Health Protection Agency, Microbiology Services-Colindale, London, UK.
J Antimicrob Chemother. 2011 Sep;66(9):2006-10. doi: 10.1093/jac/dkr265. Epub 2011 Jul 8.
Two clinical isolates of Escherichia coli, EC18 and EC21, were non-susceptible (MICs 4-16 mg/L) to cefpirome and cefepime, with marked synergy with clavulanate, yet were susceptible to cefotaxime and ceftazidime (MICs ≤ 1 mg/L). EC19, from the same patient as EC21, was susceptible to all four cephalosporins. We sought to characterize the molecular basis of resistance in isolates EC18 and EC21.

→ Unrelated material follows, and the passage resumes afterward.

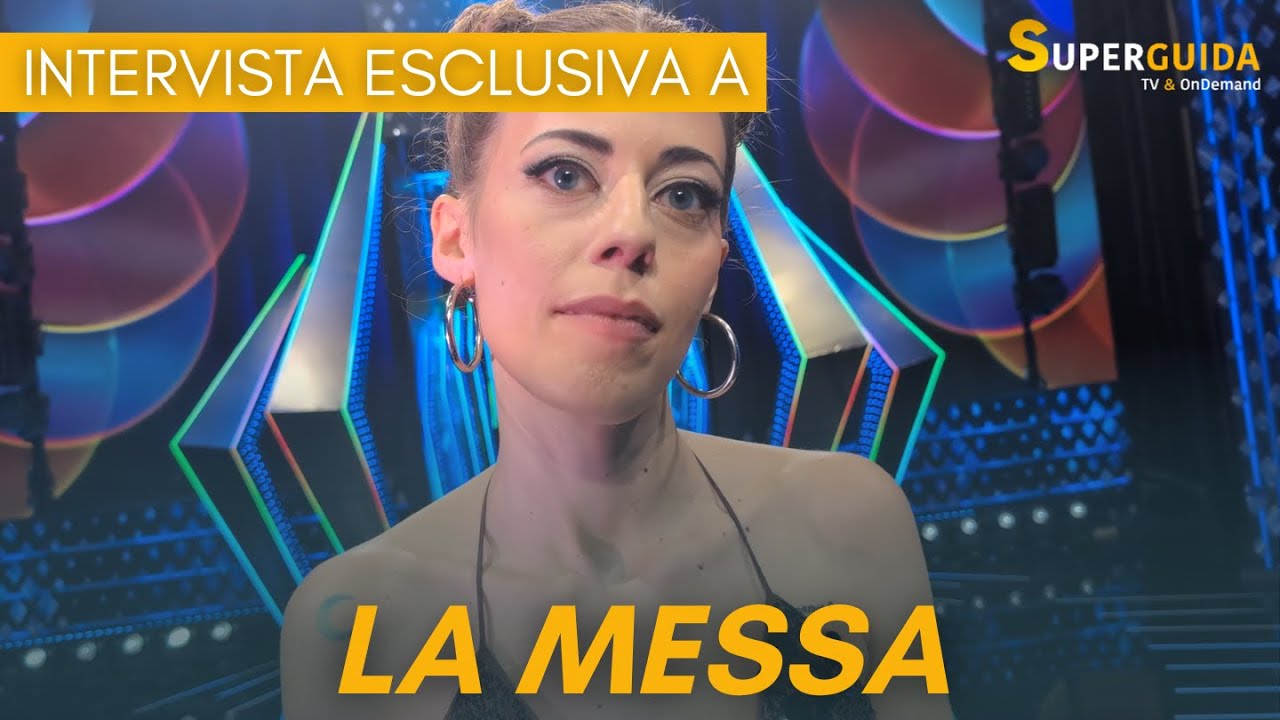 Sanremo Giovani 2025, intervista esclusiva a La Messa: “Non pensavo di poter arrivare in semifinale. Tormento mi ha consigliato di divertirmi. In futuro, mi piacerebbe collaborare con Tiziano Ferro” Sanremo Giovani 2025, intervista esclusiva a La Messa: “Non pensavo di poter arrivare in semifinale. Tormento mi ha consigliato di divertirmi. In futuro, mi piacerebbe collaborare con Tiziano Ferro”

PFGE was used to study the genetic relationships of the isolates, and MICs were determined. β-Lactamases were characterized by PCR, isoelectric focusing (IEF), construction of genomic libraries and sequencing. A double mutant of E. coli J53 was constructed, lacking OmpC and OmpF porins. Plasmids from clinical isolates were transformed into E. coli J53 and J53ΔompCF. Outer membrane proteins (OMPs) were analysed by SDS-PAGE and OmpA by matrix-assisted laser desorption ionization time-of-flight/time-of-flight mass spectrometry. Expression of omp and bla genes was analysed by RT-PCR.
Isolates EC19 and EC21 had identical PFGE profiles, whereas EC18 was distinct. PCR and IEF confirmed β-lactamases with pIs of 5.4 (TEM-1) in EC18 and 7.4 (OXA-1) in both EC19 and EC21. EC18 had bla(TEM-1b) with the strong promoter P5 and lacked OmpC and OmpF. RT-PCR showed stronger expression of bla(OXA-1) in EC21 versus EC19, along with diminished expression of OmpC, though with increased OmpF. Plasmids extracted from EC18 and EC21 conferred increased MICs of cefpirome and cefepime, although susceptibility to cefotaxime and ceftazidime was retained.
The 'cefpiromase' or 'cefepimase' ESBL phenotype of the clinical isolates non-susceptible to cefpirome and cefepime resulted from high expression of TEM-1 or OXA-1 β-lactamases combined with loss of porins.
两株临床分离的大肠杆菌 EC18 和 EC21 对头孢吡肟和头孢噻肟耐药(MIC 值为 4-16mg/L),与克拉维酸有明显协同作用,但对头孢噻肟和头孢他啶敏感(MIC 值≤1mg/L)。来自与 EC21 相同患者的 EC19 对所有四种头孢菌素均敏感。我们试图描述 EC18 和 EC21 分离株耐药的分子基础。
PFGE 用于研究分离株的遗传关系,测定 MIC 值。通过 PCR、等电聚焦(IEF)、基因组文库构建和测序来鉴定β-内酰胺酶。构建大肠杆菌 J53 的双突变体,缺乏 OmpC 和 OmpF 孔蛋白。将临床分离株的质粒转化入大肠杆菌 J53 和 J53ΔompCF。通过 SDS-PAGE 分析外膜蛋白(OMPs),基质辅助激光解吸电离飞行时间/飞行时间质谱法分析 OmpA。通过 RT-PCR 分析 omp 和 bla 基因的表达。
EC19 和 EC21 分离株的 PFGE 图谱相同,而 EC18 则不同。PCR 和 IEF 证实 EC18 中有 pI 为 5.4(TEM-1)的β-内酰胺酶,EC19 和 EC21 中有 pI 为 7.4(OXA-1)的β-内酰胺酶。EC18 含有 bla(TEM-1b),其强启动子 P5 和缺乏 OmpC 和 OmpF。RT-PCR 显示 EC21 中 bla(OXA-1)的表达更强,而 OmpC 的表达减弱,尽管 OmpF 增加。从 EC18 和 EC21 中提取的质粒赋予了头孢吡肟和头孢噻肟更高的 MIC 值,尽管保留了对头孢噻肟和头孢他啶的敏感性。
对头孢吡肟和头孢噻肟不敏感的临床分离株表现出“头孢吡肟酶”或“头孢噻肟酶”ESBL 表型,这是由于 TEM-1 或 OXA-1β-内酰胺酶的高表达与孔蛋白的缺失相结合所致。